C’était le premier procès pénal de l’ubérisation, et le jugement est à la hauteur des attentes. Ce mardi 19 avril, le tribunal de Paris a condamné Deliveroo à 375 000 euros d’amende pour travail dissimulé, soit la peine maximale. Deux anciens dirigeants sont condamnés à un an de prison avec sursis, 30 000 euros d’amende et cinq ans avec sursis d’interdiction de diriger une société. Cette condamnation historique ouvre la voie à d’autres procès, au pénal mais aussi au civil, où des milliers de livreurs pourraient demander une réparation financière.
Mais ce jugement n’empêchera pas la plateforme de continuer ses activités. Car aujourd’hui, seule une évolution de la loi pourrait contraindre les acteurs de l’ubérisation à respecter le droit du travail. En Espagne ou au Portugal, les travailleurs ubérisés sont aujourd’hui salariés. En France, cette option n’a jamais fait partie du champ des possibles dessiné par le gouvernement. Quels sont les enjeux d’avenir, dans l’Hexagone comme dans les institutions européennes ? Les Jours ont interrogé Leïla Chaibi, députée La France insoumise au Parlement européen, et Hind Elidrissi, fondatrice d’Indépendants.co, un syndicat réservé aux indépendants.
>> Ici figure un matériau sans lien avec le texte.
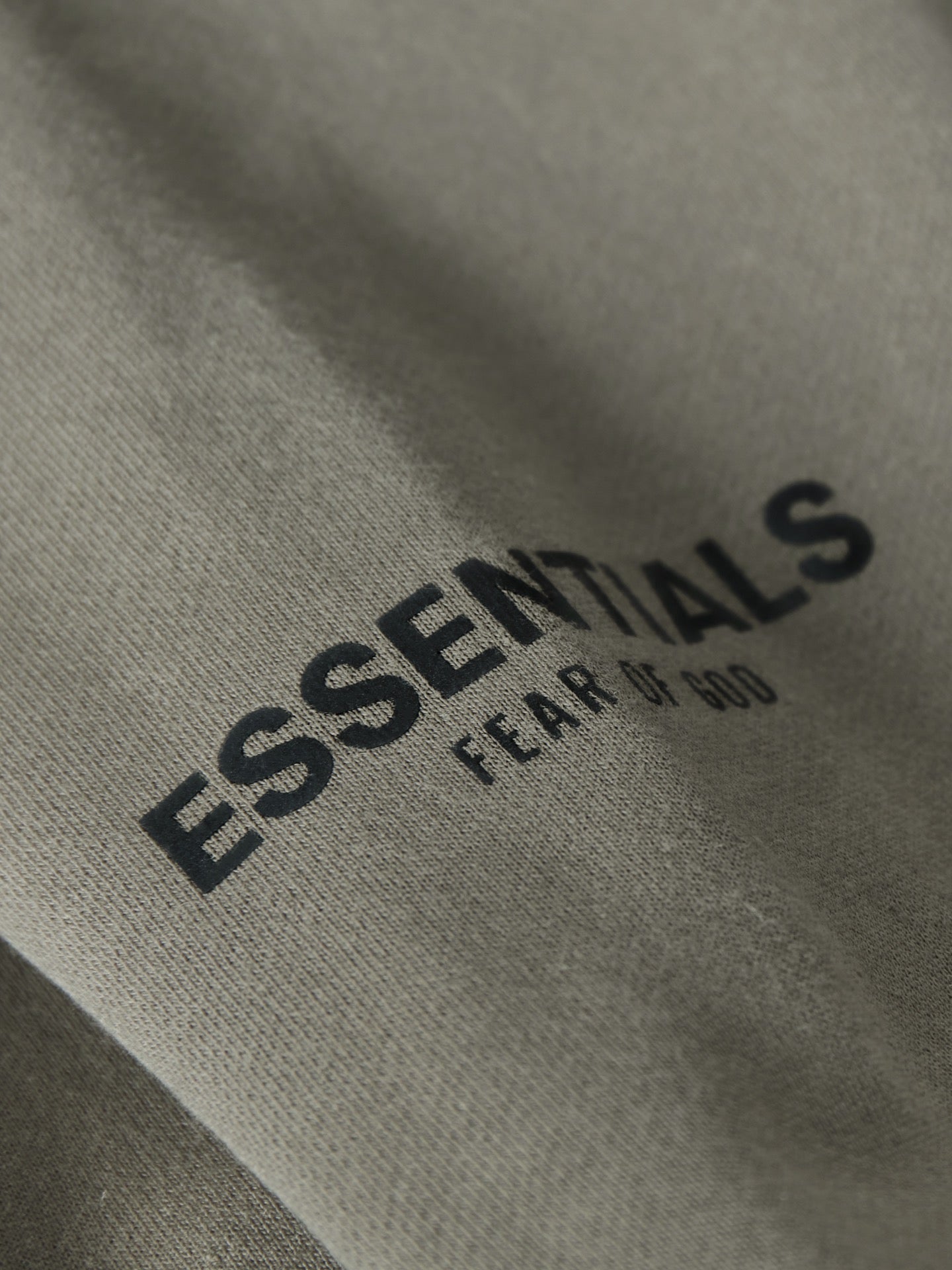 سترة بغطاء للرأس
Leïla Chaibi est membre de la commission Emploi et Affaires sociales. Elle a rédigé plusieurs travaux sur l’ubérisation, dont une proposition de directive et un simulateur en ligne qui compare les rémunérations des livreurs indépendants et salariés. Hind Elidrissi a été membre du Conseil national du numérique, pour qui elle a corédigé un rapport sur le travail ubérisé.
Ce mardi, la société Deliveroo a été condamnée à 375 000 euros d’amende, soit la peine maximale pour le délit de travail dissimulé. Que vous inspire ce jugement historique ?
Leïla Chaibi : Je suis très heureuse de cette condamnation. Elle envoie un message clair aux plateformes qui ont contourné le droit du travail. Ce message, c’est que la fête est finie. Ce que dit la justice, c’est qu’il n’est plus possible d’utiliser le statut d’indépendant de manière frauduleuse. Car c’est du travail dissimulé. Et je suis ravie des conséquences qui vont découler de cette condamnation : l’Urssaf va pouvoir réclamer les millions d’euros qu’elle aurait dû toucher via les cotisations sociales. Les livreurs vont pouvoir réclamer des dommages et exiger les mêmes droits que tous les autres salariés.